The initiative highlights examples of how public private partnerships can help alleviate poverty and also bring about sustainable development. Alleviating poverty and sustainable development are not exclusive aims but often complimentary –- particularly in Africa. The Momentum for Change initiative provides some small examples of where the public and private sector can work together to achieve sustainable development and poverty reduction, but in Africa the potential for this is monumental.
Africa has a huge renewable energy potential. Only 7 percent of its hydropower capacity has been exploited and the continent is abundant in solar, wind and geothermal energy. These natural resources in many people’s view are Africa’s greatest source of wealth. They provide Africa with a never-ending clean source of energy that can supply electricity and heating to everyone on the continent — including the poorest who desperately need energy to escape from poverty.
The fact that most of Africa’s future infrastructure is not yet built is now become a huge opportunity for the continent. Africa is not yet locked into the inefficient, oft-polluting infrastructure that many Western countries have. With modern efficient technologies, the continent has the opportunity to build the infrastructure that could bypass the inefficient energy infrastructure systems of the developed world.
Africa has done this before. The huge expansion of mobile phones is just one example of how Africa can leapfrog traditional stages of development. Current monetary transfer systems in Kenya using mobile phones (as created by M-PESA) is a world leading technology which is not yet seen in areas of Europe or the US. Africa has leapfrogged developed countries in implementing this new technology and Africa can do this again with its energy infrastructure.
In the sidelines of the UNFCCC negotiations at COP17, there are a large number of side events that have looked at how Africa can realize its energy potential. During these discussions, it is clear a number of groups will be essential in this process. African government will have to create the correct policy environment for investors, private companies will need to be educated on Africa’s sustainable energy potential and donors may have to provide some initial capital to get some projects of the ground. But the key point coming from all these meetings is that the experts think this can be done, and it can be done in a way that stimulates sustainable poverty reduction on the continent.

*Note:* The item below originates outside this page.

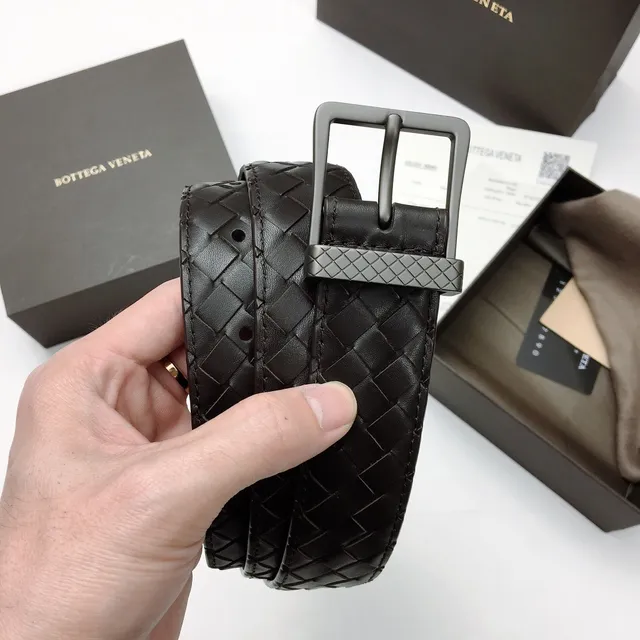 Bottega Veneta Cinto de Couro Preto Cinza Tecido Intrecciato Gunmetal Fivela Retangular 3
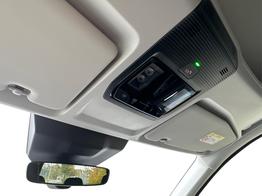 Volkswagen Caddy Style 4x4+LANE ASSIST+NAVI+KAM+SHZ+KLIMA+AHK+ACC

The Minister of Energy for Mali and the head of the African Coalition of Energy Ministers, Mr. Habib Ouane, said that this wasn’t a choice between poverty reduction and providing renewable energy. Due to the huge renewable energy potential on the continent, it is often the most appropriate and cost-effective technology to develop (particularly in rural areas) which has the added benefit of increasing many regions energy security. Developing this abundant and clean potential makes sense. Governments must now get the policies and plans in place to seize this opportunity and donors and private companies must support them in this as best they can through financial and technical support.
Africa is an opportunity particularly in the area of renewable energy and it is time to realize it, but we believe it should be developed in line with environmental and social safeguards.